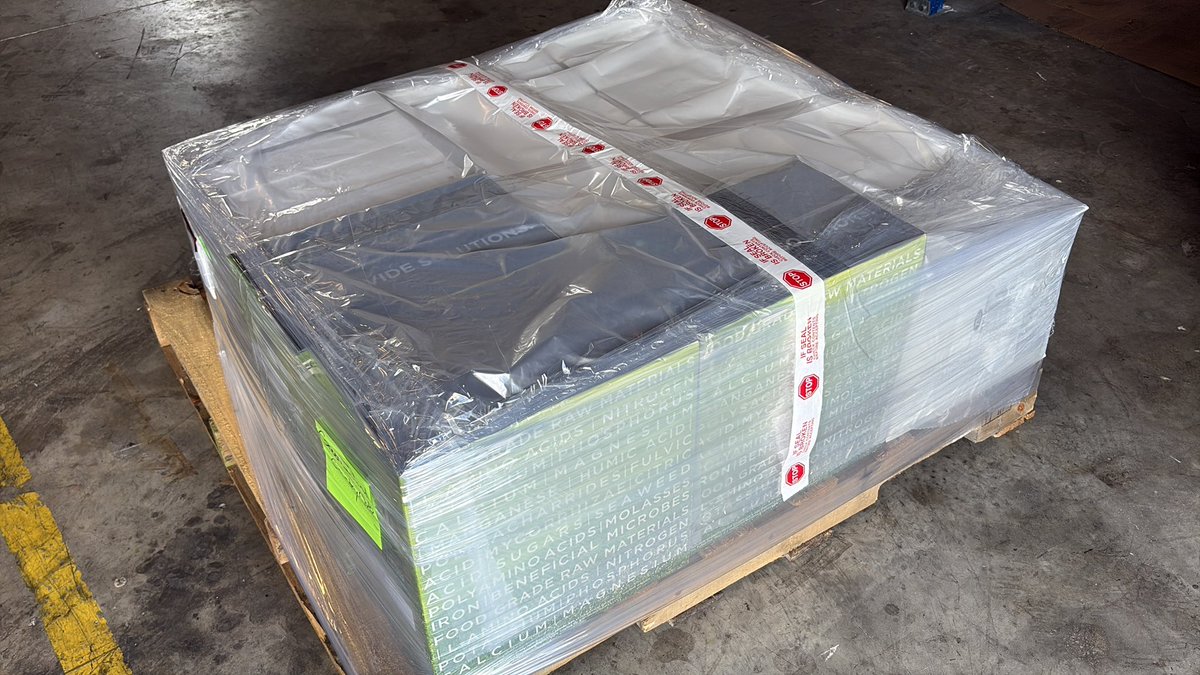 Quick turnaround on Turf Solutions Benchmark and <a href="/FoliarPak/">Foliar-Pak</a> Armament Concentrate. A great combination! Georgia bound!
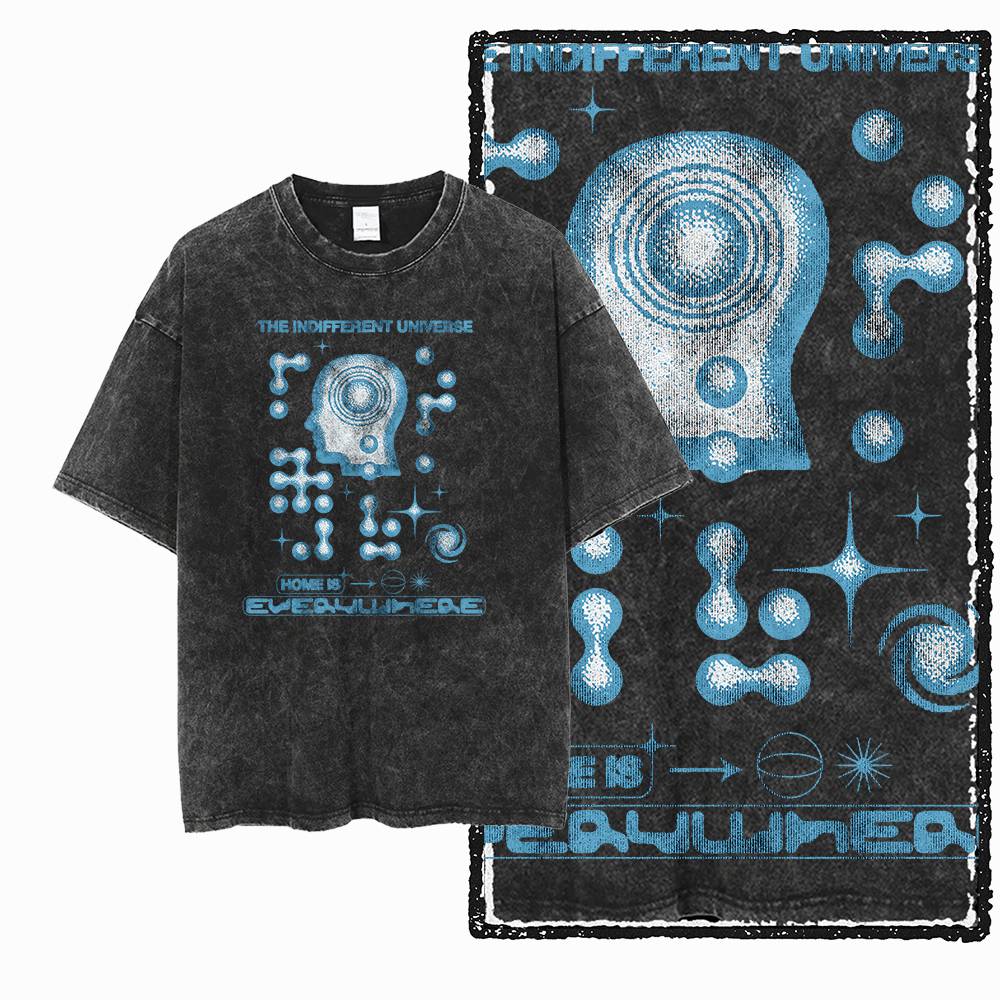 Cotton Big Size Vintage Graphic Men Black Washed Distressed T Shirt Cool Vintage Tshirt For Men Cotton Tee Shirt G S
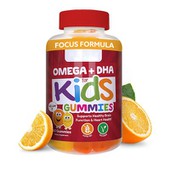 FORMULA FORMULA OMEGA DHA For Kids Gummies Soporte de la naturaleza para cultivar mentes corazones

#####

◆ **Problem to solve**
For this exercise, give the listing again exactly as written, with the pictures omitted.

◆ **Answer to this exercise**
 Quick turnaround on Turf Solutions Benchmark and <a href="/FoliarPak/">Foliar-Pak</a> Armament Concentrate. A great combination! Georgia bound!
 Cotton Big Size Vintage Graphic Men Black Washed Distressed T Shirt Cool Vintage Tshirt For Men Cotton Tee Shirt G S
 FORMULA FORMULA OMEGA DHA For Kids Gummies Soporte de la naturaleza para cultivar mentes corazones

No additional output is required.